# [YOUR ASSIGNMENT]
Please copy only the material from the line that has "Tee Shirt Anti" to the very last line, both ends included, exactly as written and without pictures.
····················
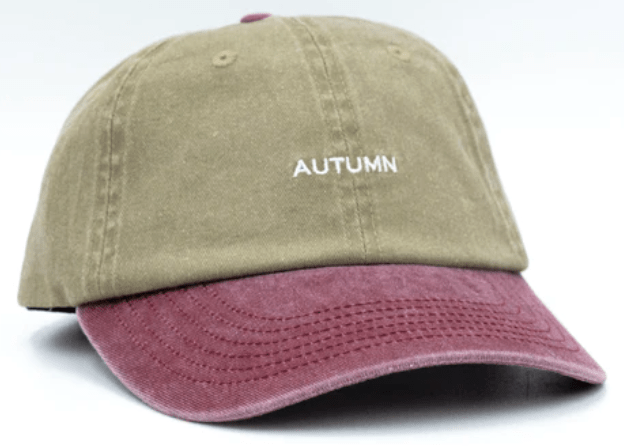 Autumn Pre Washed Canvas Two Tone Strapback Hat in Khaki - M I L O S P O R T
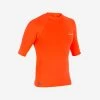 Tee Shirt Anti Uv Surf Top 100 Manches Courtes Homme Orange Fluo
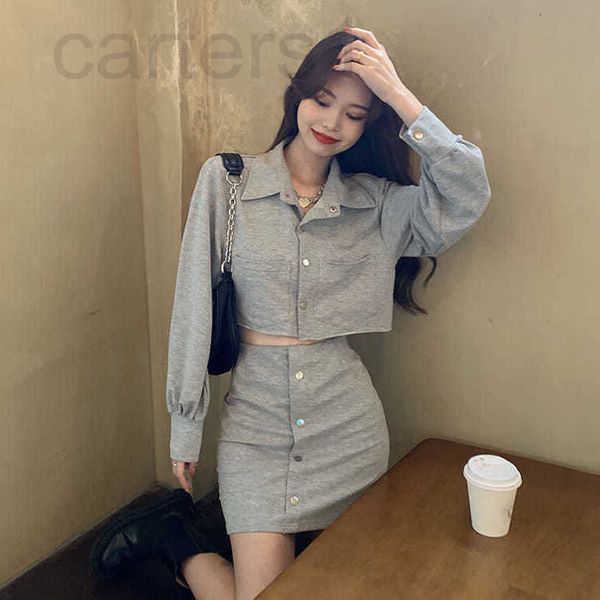 women's tracksuits designer early autumn fashion two piece women's 2021 new polo collar short long sleeve high waist skirt ta9i, Gray
women's tracksuits designer early autumn fashion two piece women's 2021 new polo collar short long sleeve high waist skirt ta9i, Gray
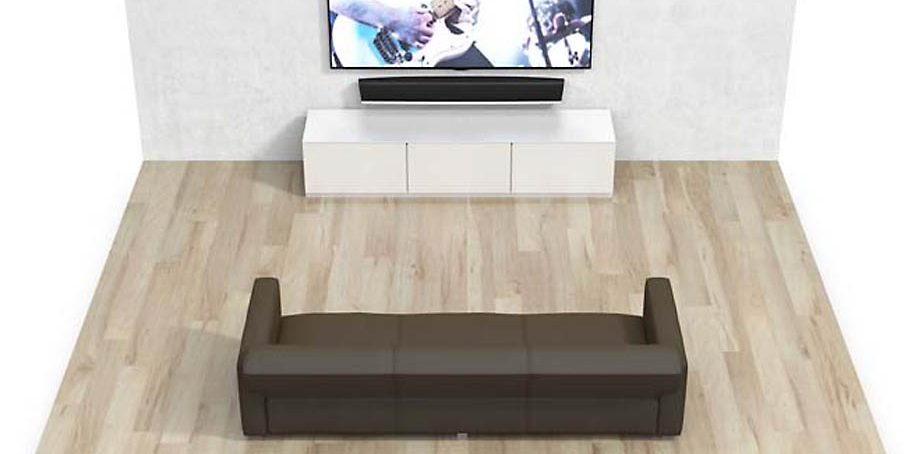 Une barre de son pour une installation home cinéma 3.0 Configuration home cinéma 3.0 avec la barre de son sans fil DENON HEOS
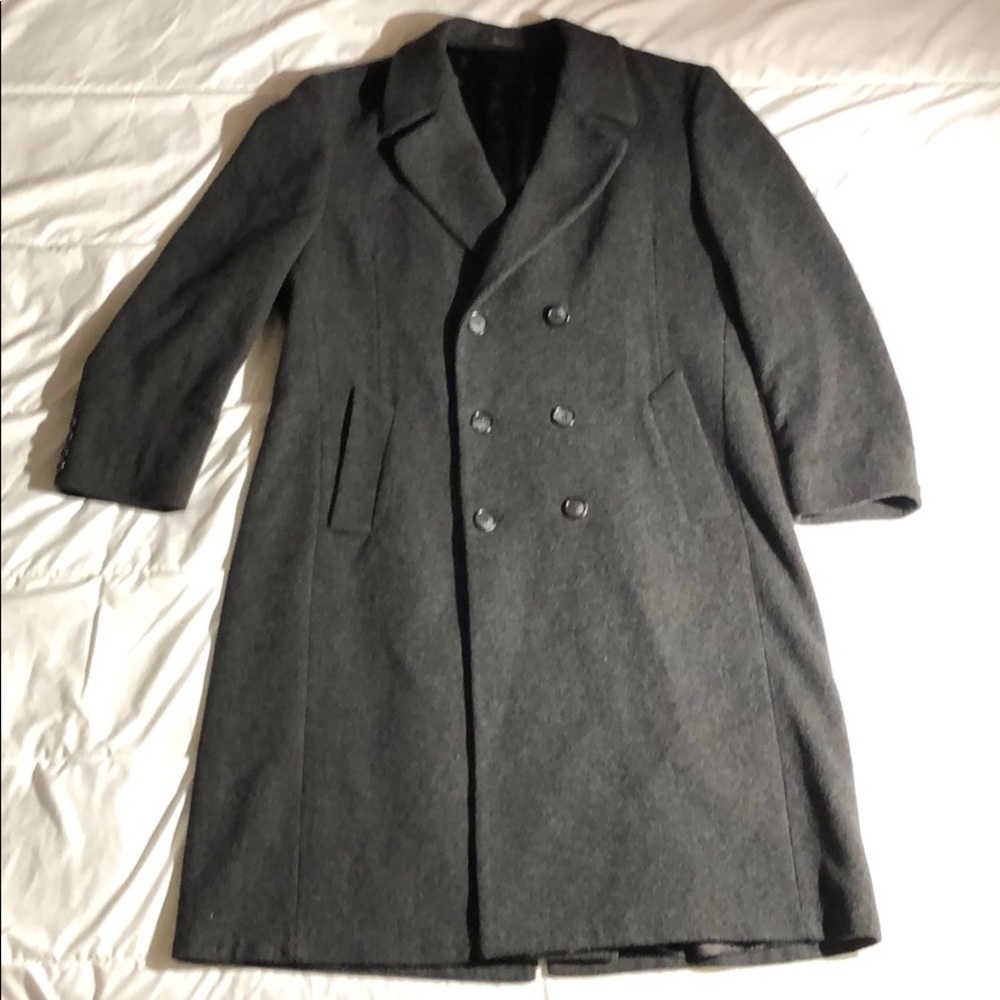 Vintage London Fog Wool Overcoat 44R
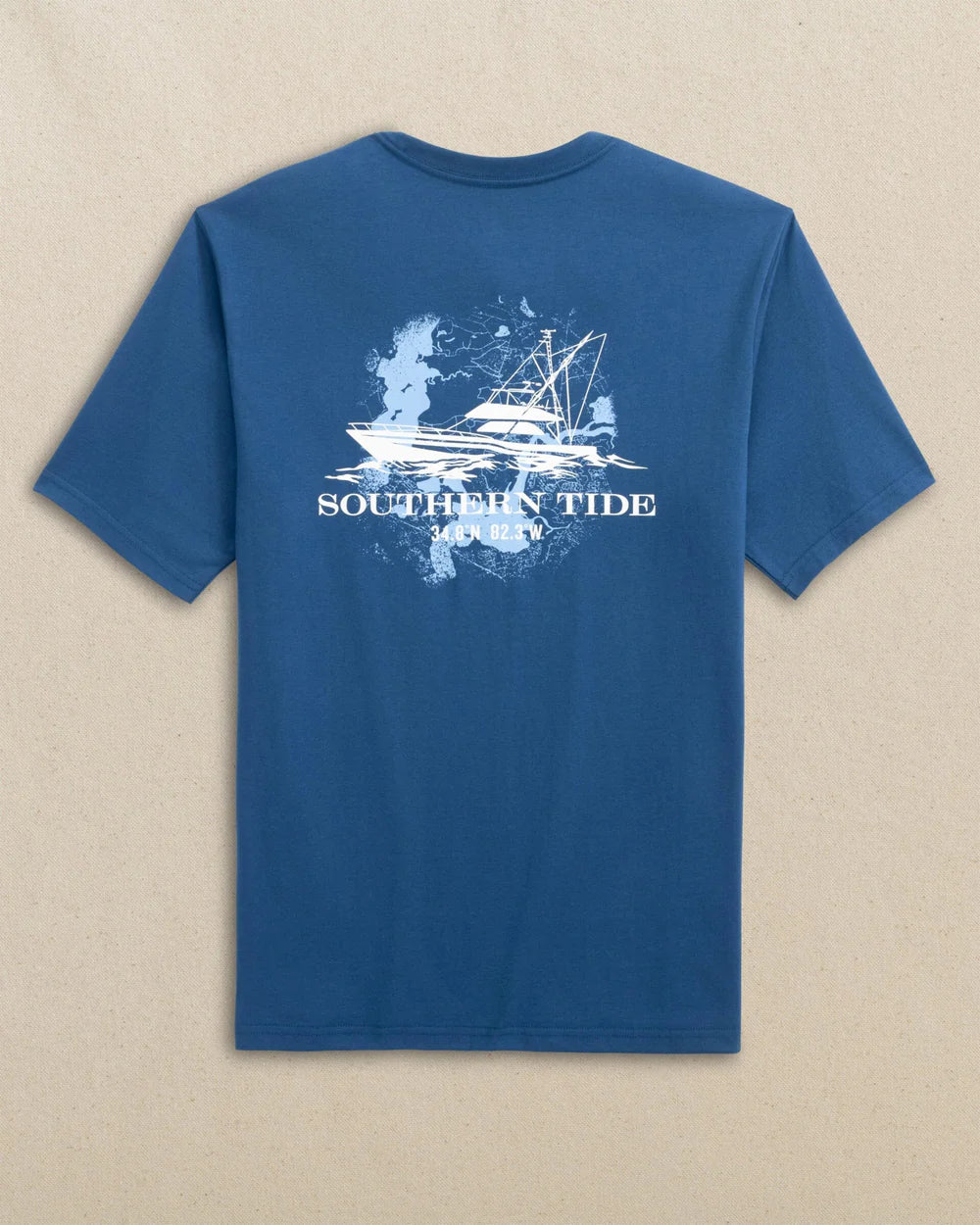 Fishing Boat Coordinates Short Sleeve T-Shirt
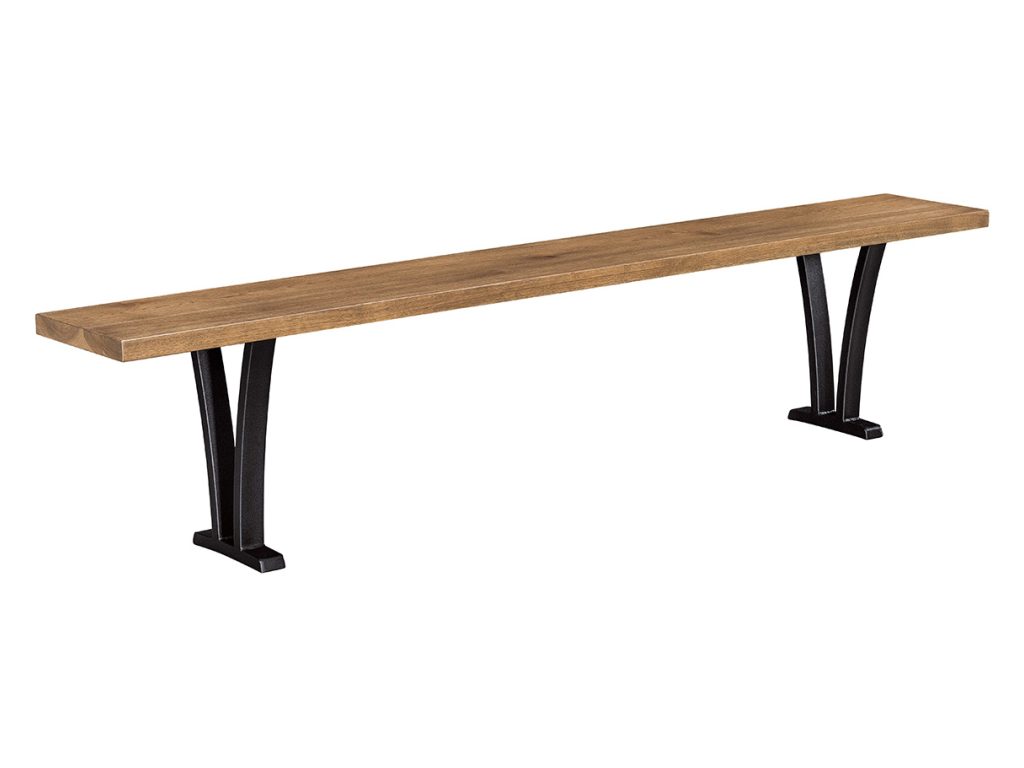 Livingston Bench with Pagosa Base Table Base
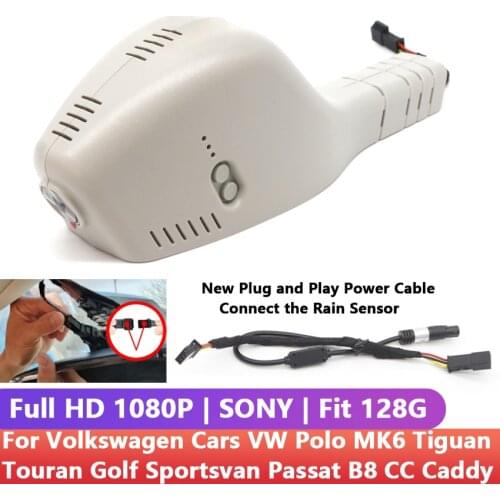1080P Car DVR Wifi Dash Camera Video Recorder Dual Lens For Volkswagen Polo MK6 Tiguan Touran Golf Sportsvan Passat B8 CC Caddy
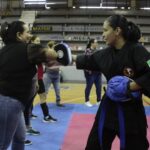 Brindan curso de defensa personal a mujeres de Guaymas; se lleva a cabo con muy favorable respuesta de la ciudadanía.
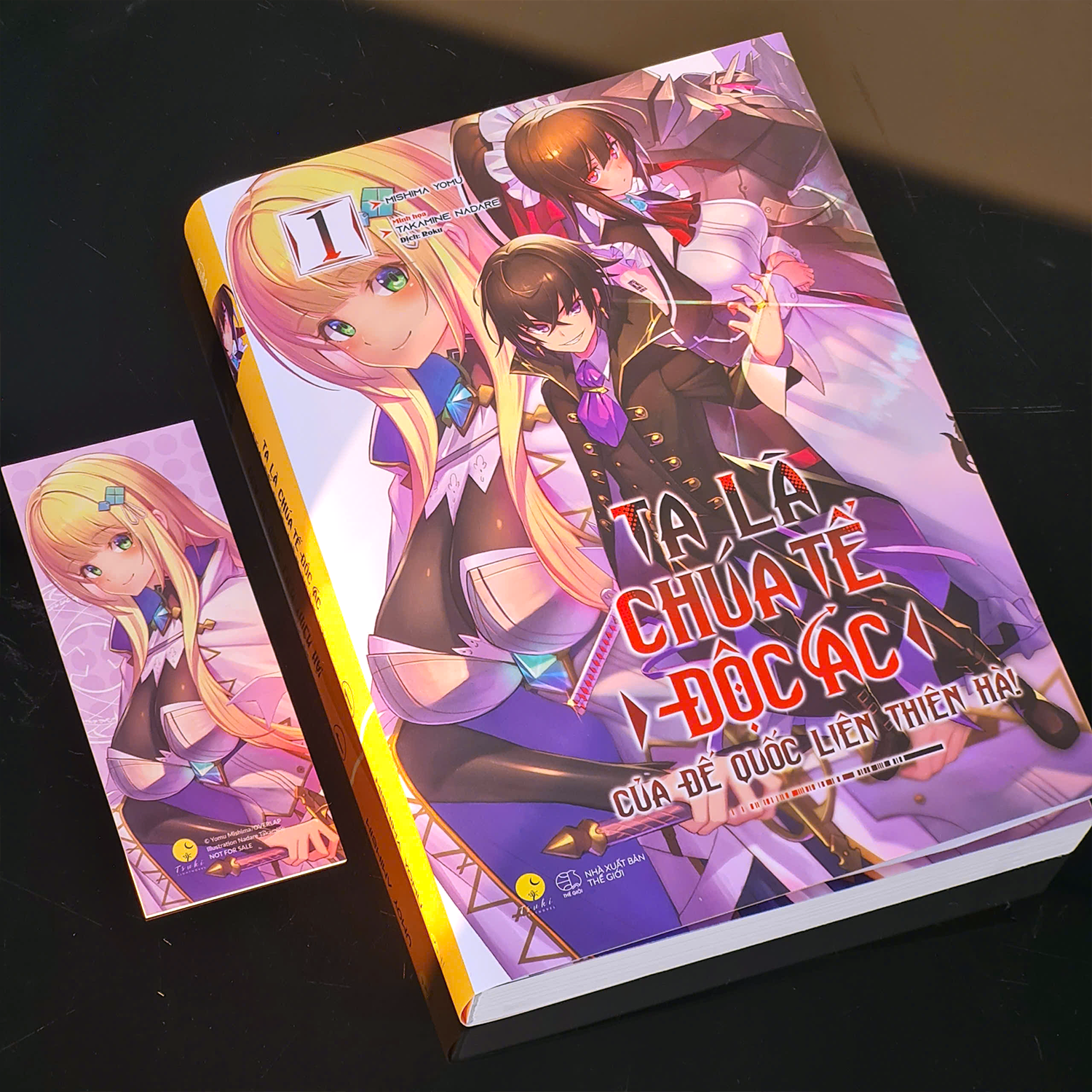 Sách - Ta Là Chúa Tể Độc Ác Của Đế Quốc Liên Thiên Hà - Tập 1 - Tặng Kèm Bookmark Bồi Cứng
····················
# [WRITTEN SOLUTION]
 Tee Shirt Anti Uv Surf Top 100 Manches Courtes Homme Orange Fluo
 women's tracksuits designer early autumn fashion two piece women's 2021 new polo collar short long sleeve high waist skirt ta9i, Gray
women's tracksuits designer early autumn fashion two piece women's 2021 new polo collar short long sleeve high waist skirt ta9i, Gray
 Une barre de son pour une installation home cinéma 3.0 Configuration home cinéma 3.0 avec la barre de son sans fil DENON HEOS
 Vintage London Fog Wool Overcoat 44R
 Fishing Boat Coordinates Short Sleeve T-Shirt
 Livingston Bench with Pagosa Base Table Base
1080P Car DVR Wifi Dash Camera Video Recorder Dual Lens For Volkswagen Polo MK6 Tiguan Touran Golf Sportsvan Passat B8 CC Caddy
 Brindan curso de defensa personal a mujeres de Guaymas; se lleva a cabo con muy favorable respuesta de la ciudadanía.
 Sách - Ta Là Chúa Tể Độc Ác Của Đế Quốc Liên Thiên Hà - Tập 1 - Tặng Kèm Bookmark Bồi Cứng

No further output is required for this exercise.